M子『「ピアニスト」は、ダウンタウンの松っちゃんが絶賛しとったけん。「バッド・エデュケーション」は、「バベル」観て、ほら、あんたの大好きなガエ何とかが、ん?すっげ可愛いくね?と、うちも思ったけん。恋愛睡眠ってのも、面白そうじゃし観たいのお』
おおっまさかM子が、ガエルっちに目をつけるとは、想定外の嬉しさ。どっちも面白いけど、ぶっとびトンデモ映画なので、胃もたれ&胸焼けに注意してねM子!早く感想が聞きたいものです。
「Water」
最近、吉田修一の小説にハマってます。
芥川賞受賞の「パーク・ライフ」とか、「最後の息子」「日曜日たち」「熱帯魚」「パレード」、月9ドラマになった「東京湾景」(韓流ドラマ風に原作をメチャクチャ改悪!オリジナルには、在日とか韓国人とか、いっさい出てこないのに!)etc.今を生きる現代人の閉塞感が、滑稽かつ繊細に優しく描かれている、奇をてらわないけど独特な世界が好き。ていうか、ほとんどの作品、かなりゲイ色が濃ゆいから、YAOIにはたまらないんですよねえ。男同士が、ガンガンぐちゃぐちょヤリまくる!系じゃないので、読みやすいし。

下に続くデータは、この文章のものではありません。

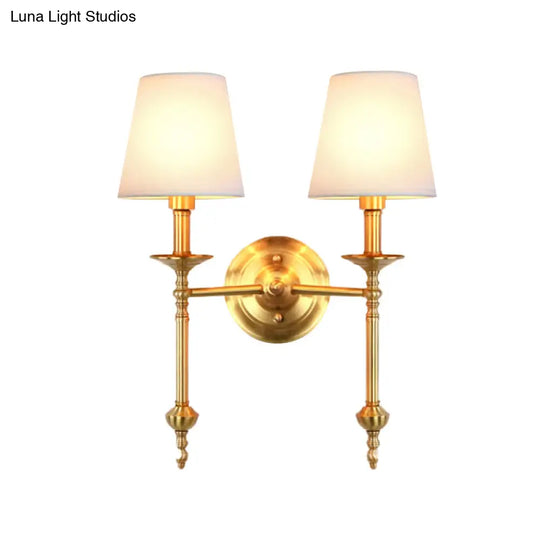 Retro Brass Cone Wall Sconce With White Fabric Shade - Ideal For Dining Room Lighting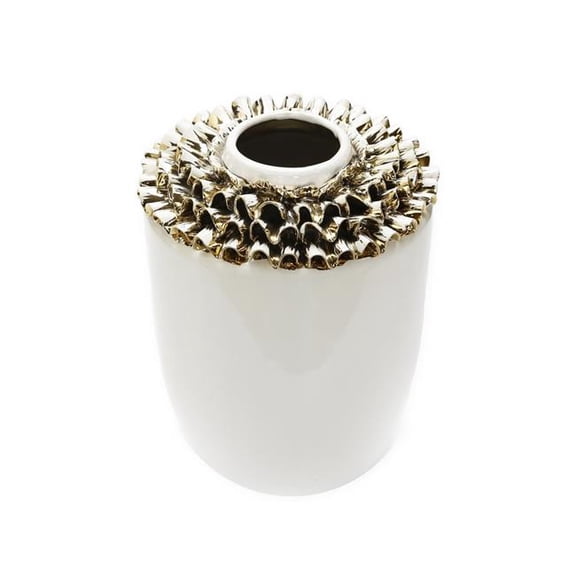 HomeRoots 569275 10 in. White Round Ceramic Table Vase with Sculptural Details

短編集「最後の息子」(表題作に出てくる、おかまバーのママ・エンマちゃんのキャラ、最高に笑えて哀しい)の中に収められている「Water」は、とっても爽やかで明るくて、そしてYAOIな傑作!読後の、爽快でセンチメンタルな気分、ちょっと引きずってしまいました。そんな、新・YAOI聖書ともいえる、小さな水晶玉のような短編小説が、何と映像化!しかも、原作者の吉田修一自身がメガホンをとって!こ、これを観ずにおられやうか~!
舞台は長崎(吉田修一の出身地でもある)。高校の水泳部で、記録更新に励む凌雲と圭一郎。東京の大学に行こうとしている圭一郎を、凌雲は引き止めようとする。圭一郎は、付き合っている彼女よりも凌雲を...
約30分弱のショートフィルムですが、とても瑞々しくて清々しい作品でした。
原作ではサラリとしていた同性愛色が、映画ではかなり強くなっていたのが、YAOIには嬉しい。といっても、卑猥なシーンなど皆無。セックスどころか、キスシーンさえない。けど、すごく性的。少女漫画的なプラトニックLOVEではない。清潔で健全な若い男の肉体が触れ合ったり、切ない気持ちが交錯するのは、やはりフツーの男女のそれとは違う、甘酸っぱいヤバさが漂っています。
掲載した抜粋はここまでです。